Nascido em 1957, Ai Weiwei é filho de Ai Qing, poeta chinês que, mesmo apoiando o regime comunista, foi exilado pelo partido e condenado, junto à família, a trabalhar no campo para “reeducar-se” – medida tomada contra muitos intelectuais durante a Revolução. Tomado pelo desgosto, o pai tentou suicídio várias vezes: “Cresci vendo as pessoas tratando meu pai como um pária durante a Revolução Cultural. Então, sempre me revoltei contra esse tipo de situação”, disse, na coletiva.

Cena do documentário "Human Flow", de Ai Weiwei (Reprodução)
Cena do documentário “Human Flow”, de Ai Weiwei (Reprodução)
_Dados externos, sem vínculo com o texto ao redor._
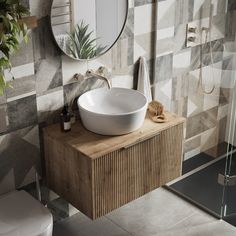 a bathroom with a sink, mirror and shower in it's centerpieces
Ai Weiwei também faz parte da primeira geração chinesa que estudou fora do país, depois da abertura a estrangeiros, nos anos 1970. Em 1981, ele se mudou para os Estados Unidos, onde experimentou seus primeiros protestos populares, sempre com uma câmera fotográfica à tiracolo. Nas escolas de artes que frequentou, entrou em contato com o produção crítica de Marcel Duchamp, Andy Warhol e Jasper John, proibidas na China – e, enfim, compreendeu o poder de uma obra de arte sobre os governos e a sociedade.

Ao retornar à China, pouco depois dos protestos na Praça da Paz Celestial, em 1989, o artista esperava encontrar um país mais aberto e um terreno fértil para suas críticas, mas o governo havia apertado o cerco contra intelectuais. Ai Weiwei, então, reuniu-se com colegas vanguardistas e “editou” livros secretos de arte, que circulavam secretamente entre as galerias e reuniam informações as obras “subversivas” e proibidas que ele conhecera nos Estados Unidos.

Desde então, o artista não descansou: fez de sua arte um instrumento de crítica aos abusos do governo e trocou sua câmera analógica por um pequeno smartphone com o qual continuaria a registrar seus protestos pessoais. Da paixão pela fotografia veio o amor pelos documentários: foram mais de 20 ao longo de sua carreira, principalmente sobre as questões políticas chinesas, mas também sobre o desastre na usina de Fukushima – em geral, o artista aborda temas de engajamento político ou sobre direitos humanos.

Hoje, Ai Weiwei vive na Alemanha, onde mantém um estúdio e trabalha, com mais segurança, em seus filmes. Preocupado com o que chama de um “recuo conservador mundial”, ele afirma que trabalhará cada vez mais para as “pessoas que não têm voz”: “Esse tipo de manifestação diz que não é permitido pensar livremente. Isto é extremamente perigoso para a sociedade. E é algo que eu conheço bem”, conclui.